Problem statement:
For the material below, output exactly the span from the line with "Jumlys 6 Pack" to the line with "Black Orange Cute", including both, and nothing besides.

Material provided:
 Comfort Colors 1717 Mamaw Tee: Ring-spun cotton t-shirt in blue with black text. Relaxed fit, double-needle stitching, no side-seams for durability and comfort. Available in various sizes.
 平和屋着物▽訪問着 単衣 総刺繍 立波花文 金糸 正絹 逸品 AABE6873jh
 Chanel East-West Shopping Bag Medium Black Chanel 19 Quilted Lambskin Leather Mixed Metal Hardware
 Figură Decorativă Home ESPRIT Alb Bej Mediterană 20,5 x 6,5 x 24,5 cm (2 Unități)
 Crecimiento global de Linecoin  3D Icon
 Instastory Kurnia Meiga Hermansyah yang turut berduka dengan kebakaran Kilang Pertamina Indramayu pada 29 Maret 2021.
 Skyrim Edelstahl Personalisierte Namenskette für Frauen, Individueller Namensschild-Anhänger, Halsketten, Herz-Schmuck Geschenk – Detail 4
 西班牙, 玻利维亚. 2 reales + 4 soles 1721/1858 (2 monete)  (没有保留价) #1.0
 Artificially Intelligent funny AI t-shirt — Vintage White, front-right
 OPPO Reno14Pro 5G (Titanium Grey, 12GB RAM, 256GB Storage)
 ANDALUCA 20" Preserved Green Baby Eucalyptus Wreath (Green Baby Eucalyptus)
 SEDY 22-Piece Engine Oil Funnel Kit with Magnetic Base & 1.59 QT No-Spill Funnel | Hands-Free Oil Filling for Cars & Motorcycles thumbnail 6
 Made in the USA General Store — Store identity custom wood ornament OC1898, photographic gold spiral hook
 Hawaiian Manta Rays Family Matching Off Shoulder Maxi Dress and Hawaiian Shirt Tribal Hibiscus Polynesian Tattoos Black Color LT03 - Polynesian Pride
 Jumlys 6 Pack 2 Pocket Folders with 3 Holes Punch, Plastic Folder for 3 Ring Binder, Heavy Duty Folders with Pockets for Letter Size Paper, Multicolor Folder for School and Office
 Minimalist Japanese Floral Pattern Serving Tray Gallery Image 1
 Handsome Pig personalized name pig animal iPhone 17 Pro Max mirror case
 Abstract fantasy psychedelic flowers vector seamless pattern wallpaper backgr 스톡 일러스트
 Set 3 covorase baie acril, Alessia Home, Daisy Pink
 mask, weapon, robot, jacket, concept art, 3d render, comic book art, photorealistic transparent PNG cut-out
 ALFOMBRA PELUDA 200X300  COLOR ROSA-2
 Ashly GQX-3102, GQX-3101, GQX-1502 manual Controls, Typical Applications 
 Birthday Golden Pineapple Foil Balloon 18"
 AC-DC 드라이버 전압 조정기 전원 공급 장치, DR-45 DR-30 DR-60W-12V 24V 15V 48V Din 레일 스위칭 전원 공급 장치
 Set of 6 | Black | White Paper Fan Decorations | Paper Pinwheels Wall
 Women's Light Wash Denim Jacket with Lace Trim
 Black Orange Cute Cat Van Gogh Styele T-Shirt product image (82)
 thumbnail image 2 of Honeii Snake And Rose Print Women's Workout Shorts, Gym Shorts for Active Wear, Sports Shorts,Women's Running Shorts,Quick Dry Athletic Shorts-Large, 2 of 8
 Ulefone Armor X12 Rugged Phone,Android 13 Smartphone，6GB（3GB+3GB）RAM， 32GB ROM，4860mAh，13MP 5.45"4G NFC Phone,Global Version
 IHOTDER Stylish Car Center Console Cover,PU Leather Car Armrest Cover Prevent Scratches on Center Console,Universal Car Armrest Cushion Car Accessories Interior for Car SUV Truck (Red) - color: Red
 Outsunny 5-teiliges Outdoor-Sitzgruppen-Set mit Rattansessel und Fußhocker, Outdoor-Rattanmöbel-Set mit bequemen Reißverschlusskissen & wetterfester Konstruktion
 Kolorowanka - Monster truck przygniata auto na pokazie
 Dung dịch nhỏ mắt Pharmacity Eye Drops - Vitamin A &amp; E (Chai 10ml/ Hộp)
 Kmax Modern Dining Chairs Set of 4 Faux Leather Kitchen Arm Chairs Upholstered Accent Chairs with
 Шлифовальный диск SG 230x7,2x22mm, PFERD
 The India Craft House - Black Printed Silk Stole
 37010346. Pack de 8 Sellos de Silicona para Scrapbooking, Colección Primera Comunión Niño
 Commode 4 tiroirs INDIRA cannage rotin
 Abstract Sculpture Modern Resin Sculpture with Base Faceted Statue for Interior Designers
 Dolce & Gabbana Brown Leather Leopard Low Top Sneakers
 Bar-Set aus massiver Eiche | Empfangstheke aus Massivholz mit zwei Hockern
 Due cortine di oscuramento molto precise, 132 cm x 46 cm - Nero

Output below:
 Jumlys 6 Pack 2 Pocket Folders with 3 Holes Punch, Plastic Folder for 3 Ring Binder, Heavy Duty Folders with Pockets for Letter Size Paper, Multicolor Folder for School and Office
 Minimalist Japanese Floral Pattern Serving Tray Gallery Image 1
 Handsome Pig personalized name pig animal iPhone 17 Pro Max mirror case
 Abstract fantasy psychedelic flowers vector seamless pattern wallpaper backgr 스톡 일러스트
 Set 3 covorase baie acril, Alessia Home, Daisy Pink
 mask, weapon, robot, jacket, concept art, 3d render, comic book art, photorealistic transparent PNG cut-out
 ALFOMBRA PELUDA 200X300  COLOR ROSA-2
 Ashly GQX-3102, GQX-3101, GQX-1502 manual Controls, Typical Applications 
 Birthday Golden Pineapple Foil Balloon 18"
 AC-DC 드라이버 전압 조정기 전원 공급 장치, DR-45 DR-30 DR-60W-12V 24V 15V 48V Din 레일 스위칭 전원 공급 장치
 Set of 6 | Black | White Paper Fan Decorations | Paper Pinwheels Wall
 Women's Light Wash Denim Jacket with Lace Trim
 Black Orange Cute Cat Van Gogh Styele T-Shirt product image (82)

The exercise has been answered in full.